James Fallows recently advocated term limits for justices. This presents a nice opportunity to review some political science on this subject, in particular Justin Crowe and Chris Karpowitz’s article, “Where Have You Gone, Sherman Minton? The Decline of the Short-Term Supreme Court Justice” (gated; ungated).
Crowe and Karpowitz make several important empirical points:
First, any changes in the tenure of justices over time is not due to an increase in the number of justices serving long terms. There have always been those justices on the Court. Instead, there has been a decrease in the number of short-term justices, as the title of the article suggests. This is what a measure like “average tenure” conceals. Crowe and Karpowitz write:
Our analysis suggests that mean tenure on the Court in any given period is substantially influenced by the presence or absence of the short-term justice. The long-term justice has always been—and will likely continue to be—a feature of our constitutional system. The short-term justice has been a consistent presence in every period except the most recent. When we take this development into account, we see that using measures of central tendency as evidence of an inexorable upward trend obscures the full picture. To be sure, we are currently at a historical peak in average service, though we should be careful not to over-interpret this statement about patterns of Court service. But for the absence of the short-term justice, all other trends are similar to other periods in American history
Second, justices tend to serve short terms because of illness and death in many cases but, in others, because of higher ambition (John Jay), dissatisfaction with the job (Jay again, also Minton), and occasionally scandal (Fortas).
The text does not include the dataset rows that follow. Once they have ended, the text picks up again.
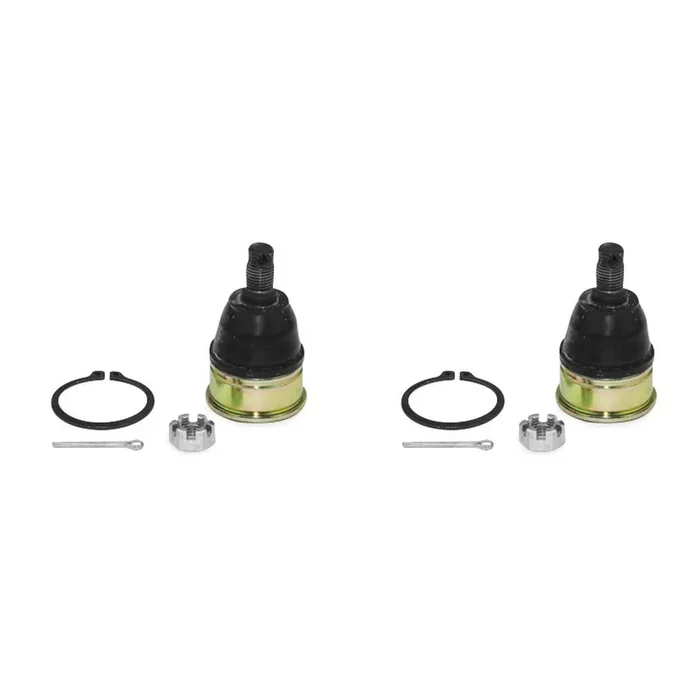 Complete Ball Joint Kit – Lower for Honda TRX250X / EX Sportrax 2001-2016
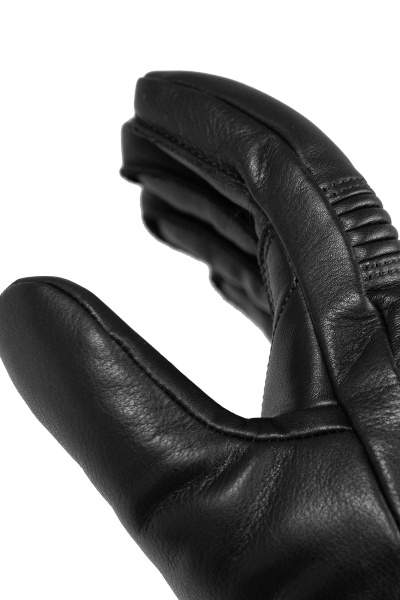 Reusch Legacy R-TEX® XT 6502242 7700 black 5.jpg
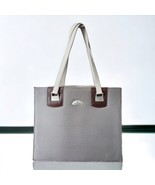 Samsonite Travel Organization Shoulder Strap Carry On Feminine Fashion Bag - £31.02 GBP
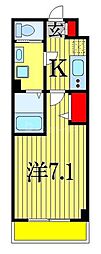 船橋市葛飾町２丁目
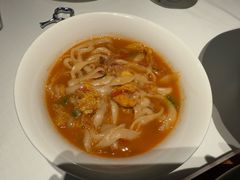 -杏花堂晋商私房菜(华熙五棵松店)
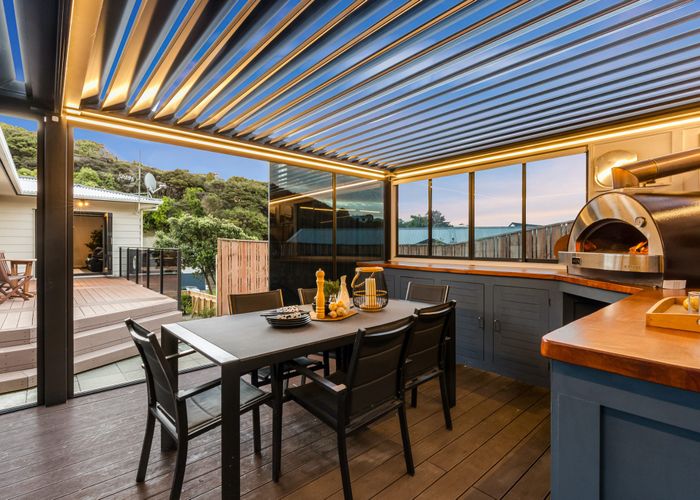  at 76 Omapere Street, Whitby, Porirua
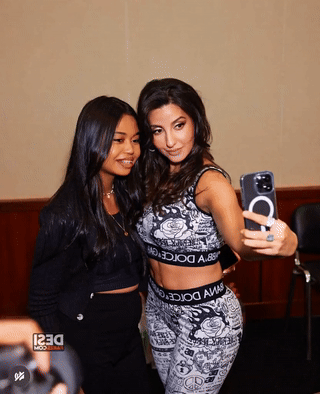 scraped-img-1784110012397.gif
Third, and consequently, the disappearance of the short-term justice is not just a function of better medical treatments and longer lifespans. (There were plenty of people living long lives and serving long terms on the Court, even in the early years of the United States.) It is also a function of this simple fact: serving on the Court is a much better job these days. Consider these changes, all quotes from Crowe and Karpowitz:
- …structural changes in the justices’ working conditions, such as the elimination of circuit-riding and the expansion of support staff (secretaries, marshals, and law clerks), as well as more favorable retirement provisions.
- …while the Court’s workload has decreased, the significant expansion of certiorari jurisdiction has meant that the justices’ control over it has increased, thereby allowing the Court to focus its attention on constitutional issues of broad national significance…the justices have assumed an increasingly prominent and meaningful role in core aspects of American political life.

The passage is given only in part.